__Your assignment__. All lines holding the word "Green" are to be copied from the records beneath.
----- Data for review -----
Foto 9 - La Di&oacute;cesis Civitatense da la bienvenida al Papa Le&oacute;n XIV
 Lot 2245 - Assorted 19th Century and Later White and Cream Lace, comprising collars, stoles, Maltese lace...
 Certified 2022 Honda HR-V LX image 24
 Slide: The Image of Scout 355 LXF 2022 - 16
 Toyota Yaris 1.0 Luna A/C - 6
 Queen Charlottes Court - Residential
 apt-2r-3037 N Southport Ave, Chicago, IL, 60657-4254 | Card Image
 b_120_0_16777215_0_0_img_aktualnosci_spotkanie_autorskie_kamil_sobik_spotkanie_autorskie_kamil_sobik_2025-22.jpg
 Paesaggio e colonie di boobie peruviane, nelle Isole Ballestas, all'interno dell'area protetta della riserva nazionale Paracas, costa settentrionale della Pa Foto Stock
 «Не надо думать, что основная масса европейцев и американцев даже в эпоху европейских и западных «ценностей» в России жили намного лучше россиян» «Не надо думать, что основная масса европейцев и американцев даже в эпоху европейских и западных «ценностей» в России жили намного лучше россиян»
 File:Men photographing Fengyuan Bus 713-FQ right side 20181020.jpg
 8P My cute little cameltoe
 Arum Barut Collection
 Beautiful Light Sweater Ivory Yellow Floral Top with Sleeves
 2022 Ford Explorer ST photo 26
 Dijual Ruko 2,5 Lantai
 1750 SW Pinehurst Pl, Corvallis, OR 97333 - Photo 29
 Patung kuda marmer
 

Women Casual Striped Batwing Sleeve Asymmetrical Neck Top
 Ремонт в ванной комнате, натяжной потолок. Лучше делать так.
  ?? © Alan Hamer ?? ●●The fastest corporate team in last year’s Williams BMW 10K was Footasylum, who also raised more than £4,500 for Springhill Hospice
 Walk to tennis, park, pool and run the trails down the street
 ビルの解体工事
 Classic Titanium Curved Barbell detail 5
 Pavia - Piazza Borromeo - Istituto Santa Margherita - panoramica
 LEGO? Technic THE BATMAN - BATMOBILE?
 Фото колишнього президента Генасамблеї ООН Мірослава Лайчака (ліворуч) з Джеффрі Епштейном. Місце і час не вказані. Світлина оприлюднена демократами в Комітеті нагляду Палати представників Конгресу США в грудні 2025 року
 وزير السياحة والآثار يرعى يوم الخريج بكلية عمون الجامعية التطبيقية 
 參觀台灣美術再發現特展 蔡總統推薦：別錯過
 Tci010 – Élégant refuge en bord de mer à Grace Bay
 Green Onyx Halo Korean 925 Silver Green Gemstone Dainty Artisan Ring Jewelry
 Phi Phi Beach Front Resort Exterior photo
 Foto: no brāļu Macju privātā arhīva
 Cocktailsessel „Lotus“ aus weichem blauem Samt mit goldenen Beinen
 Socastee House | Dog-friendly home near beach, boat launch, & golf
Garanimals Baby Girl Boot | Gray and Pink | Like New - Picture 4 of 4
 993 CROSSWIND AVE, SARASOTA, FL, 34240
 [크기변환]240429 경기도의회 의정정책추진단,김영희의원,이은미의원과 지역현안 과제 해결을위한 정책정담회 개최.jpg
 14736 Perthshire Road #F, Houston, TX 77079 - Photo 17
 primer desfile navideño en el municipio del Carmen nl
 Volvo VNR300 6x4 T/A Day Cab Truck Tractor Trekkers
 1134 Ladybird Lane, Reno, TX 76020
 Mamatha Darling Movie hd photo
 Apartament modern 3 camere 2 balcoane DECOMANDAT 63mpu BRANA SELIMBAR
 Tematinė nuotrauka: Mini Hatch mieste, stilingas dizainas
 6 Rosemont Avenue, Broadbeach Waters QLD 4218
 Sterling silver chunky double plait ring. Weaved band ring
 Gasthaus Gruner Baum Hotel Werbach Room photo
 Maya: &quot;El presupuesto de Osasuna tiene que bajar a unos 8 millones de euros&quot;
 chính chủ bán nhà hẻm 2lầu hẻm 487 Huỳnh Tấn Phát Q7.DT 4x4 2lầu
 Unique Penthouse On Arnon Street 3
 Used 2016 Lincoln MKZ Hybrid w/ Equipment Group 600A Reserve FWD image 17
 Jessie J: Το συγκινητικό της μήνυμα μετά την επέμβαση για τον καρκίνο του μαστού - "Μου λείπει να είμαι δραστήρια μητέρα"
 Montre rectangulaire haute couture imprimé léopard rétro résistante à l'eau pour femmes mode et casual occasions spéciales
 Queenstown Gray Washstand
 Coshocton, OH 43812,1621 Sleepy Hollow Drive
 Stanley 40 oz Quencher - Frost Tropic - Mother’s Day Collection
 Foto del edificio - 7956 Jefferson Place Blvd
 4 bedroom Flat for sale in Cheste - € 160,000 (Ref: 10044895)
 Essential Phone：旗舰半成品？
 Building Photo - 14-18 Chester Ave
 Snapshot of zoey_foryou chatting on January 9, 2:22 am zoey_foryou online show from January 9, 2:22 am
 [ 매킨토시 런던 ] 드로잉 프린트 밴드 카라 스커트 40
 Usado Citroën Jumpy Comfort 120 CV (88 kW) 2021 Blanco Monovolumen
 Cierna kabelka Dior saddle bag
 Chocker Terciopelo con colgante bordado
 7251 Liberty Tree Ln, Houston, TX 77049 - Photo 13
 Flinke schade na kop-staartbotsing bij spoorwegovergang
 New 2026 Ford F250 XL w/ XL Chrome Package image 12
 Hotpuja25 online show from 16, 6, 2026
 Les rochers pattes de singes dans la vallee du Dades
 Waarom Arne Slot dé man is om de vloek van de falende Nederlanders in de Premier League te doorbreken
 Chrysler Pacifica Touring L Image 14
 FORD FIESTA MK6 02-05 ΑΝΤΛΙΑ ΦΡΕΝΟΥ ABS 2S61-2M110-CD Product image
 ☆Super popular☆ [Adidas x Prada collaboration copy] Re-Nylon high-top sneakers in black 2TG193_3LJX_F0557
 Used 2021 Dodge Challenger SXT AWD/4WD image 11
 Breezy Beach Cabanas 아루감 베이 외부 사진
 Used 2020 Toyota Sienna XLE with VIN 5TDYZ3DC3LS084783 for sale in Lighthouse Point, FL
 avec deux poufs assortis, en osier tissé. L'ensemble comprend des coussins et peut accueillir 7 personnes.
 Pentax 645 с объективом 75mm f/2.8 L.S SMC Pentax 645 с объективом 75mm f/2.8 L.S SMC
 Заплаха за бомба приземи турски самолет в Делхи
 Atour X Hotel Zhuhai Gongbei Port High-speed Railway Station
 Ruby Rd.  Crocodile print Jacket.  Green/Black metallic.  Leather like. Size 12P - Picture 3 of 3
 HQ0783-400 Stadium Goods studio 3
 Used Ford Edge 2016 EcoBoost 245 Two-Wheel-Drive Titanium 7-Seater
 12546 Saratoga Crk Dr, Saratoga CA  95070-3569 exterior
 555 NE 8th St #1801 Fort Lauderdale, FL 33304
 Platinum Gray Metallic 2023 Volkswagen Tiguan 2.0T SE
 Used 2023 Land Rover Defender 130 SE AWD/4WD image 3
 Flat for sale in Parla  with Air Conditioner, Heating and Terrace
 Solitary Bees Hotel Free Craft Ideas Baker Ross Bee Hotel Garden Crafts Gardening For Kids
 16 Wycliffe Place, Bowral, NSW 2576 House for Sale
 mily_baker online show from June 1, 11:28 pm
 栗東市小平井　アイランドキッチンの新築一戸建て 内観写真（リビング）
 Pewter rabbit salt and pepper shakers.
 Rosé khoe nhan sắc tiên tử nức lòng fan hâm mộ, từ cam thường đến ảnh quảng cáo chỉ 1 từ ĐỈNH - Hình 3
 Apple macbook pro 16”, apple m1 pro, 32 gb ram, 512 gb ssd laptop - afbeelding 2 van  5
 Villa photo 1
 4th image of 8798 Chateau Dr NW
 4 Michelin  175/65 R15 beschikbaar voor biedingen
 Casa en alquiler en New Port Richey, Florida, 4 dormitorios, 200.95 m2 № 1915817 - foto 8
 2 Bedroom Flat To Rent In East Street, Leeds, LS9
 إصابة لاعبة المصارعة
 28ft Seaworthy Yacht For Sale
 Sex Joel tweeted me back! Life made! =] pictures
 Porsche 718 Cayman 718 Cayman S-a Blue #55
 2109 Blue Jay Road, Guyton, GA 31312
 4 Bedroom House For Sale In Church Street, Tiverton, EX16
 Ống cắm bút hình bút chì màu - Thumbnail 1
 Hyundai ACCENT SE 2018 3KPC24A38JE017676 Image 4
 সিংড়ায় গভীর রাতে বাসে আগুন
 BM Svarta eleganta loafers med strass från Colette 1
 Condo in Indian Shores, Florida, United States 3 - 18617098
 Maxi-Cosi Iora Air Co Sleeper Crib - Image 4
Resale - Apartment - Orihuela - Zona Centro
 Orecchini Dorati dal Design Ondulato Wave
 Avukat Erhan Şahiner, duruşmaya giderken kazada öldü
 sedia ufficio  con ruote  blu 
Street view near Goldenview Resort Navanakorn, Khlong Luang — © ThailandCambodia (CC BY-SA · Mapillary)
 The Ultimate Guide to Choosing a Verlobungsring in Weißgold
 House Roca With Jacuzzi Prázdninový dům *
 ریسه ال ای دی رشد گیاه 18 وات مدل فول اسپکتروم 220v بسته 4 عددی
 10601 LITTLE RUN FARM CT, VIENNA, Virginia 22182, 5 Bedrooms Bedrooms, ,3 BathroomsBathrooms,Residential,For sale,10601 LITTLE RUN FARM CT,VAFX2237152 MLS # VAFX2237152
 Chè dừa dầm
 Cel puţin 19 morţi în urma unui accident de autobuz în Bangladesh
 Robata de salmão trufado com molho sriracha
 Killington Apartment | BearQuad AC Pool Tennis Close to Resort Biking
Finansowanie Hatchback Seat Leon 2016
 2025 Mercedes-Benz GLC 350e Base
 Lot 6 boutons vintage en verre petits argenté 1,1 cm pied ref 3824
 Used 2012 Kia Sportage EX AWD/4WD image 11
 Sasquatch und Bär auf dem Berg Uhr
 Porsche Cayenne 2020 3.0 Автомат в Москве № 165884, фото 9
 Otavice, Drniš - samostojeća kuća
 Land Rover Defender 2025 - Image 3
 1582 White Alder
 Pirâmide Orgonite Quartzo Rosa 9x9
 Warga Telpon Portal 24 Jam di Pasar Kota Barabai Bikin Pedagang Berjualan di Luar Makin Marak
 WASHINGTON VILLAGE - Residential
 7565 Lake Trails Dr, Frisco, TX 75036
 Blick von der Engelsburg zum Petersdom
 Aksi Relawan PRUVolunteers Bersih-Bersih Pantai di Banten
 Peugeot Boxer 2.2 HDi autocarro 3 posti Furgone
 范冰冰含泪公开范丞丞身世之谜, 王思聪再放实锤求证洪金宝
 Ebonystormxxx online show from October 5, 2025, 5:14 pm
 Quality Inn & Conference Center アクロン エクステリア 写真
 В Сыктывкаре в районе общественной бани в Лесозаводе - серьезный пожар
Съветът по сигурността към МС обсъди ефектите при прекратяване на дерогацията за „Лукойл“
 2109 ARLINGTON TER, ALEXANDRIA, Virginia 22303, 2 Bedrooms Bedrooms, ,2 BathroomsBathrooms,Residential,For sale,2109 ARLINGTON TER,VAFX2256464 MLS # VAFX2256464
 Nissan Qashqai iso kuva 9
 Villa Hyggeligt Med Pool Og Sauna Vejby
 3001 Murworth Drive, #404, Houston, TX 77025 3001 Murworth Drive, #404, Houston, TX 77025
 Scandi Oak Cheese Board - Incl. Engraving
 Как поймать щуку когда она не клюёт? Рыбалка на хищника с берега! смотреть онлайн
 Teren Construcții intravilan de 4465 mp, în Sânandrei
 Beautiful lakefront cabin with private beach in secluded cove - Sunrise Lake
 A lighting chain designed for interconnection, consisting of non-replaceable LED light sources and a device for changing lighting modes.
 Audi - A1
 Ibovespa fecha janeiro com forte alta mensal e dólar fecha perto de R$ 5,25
-----
__Expected answer__.
 Green Onyx Halo Korean 925 Silver Green Gemstone Dainty Artisan Ring Jewelry
 Ruby Rd.  Crocodile print Jacket.  Green/Black metallic.  Leather like. Size 12P - Picture 3 of 3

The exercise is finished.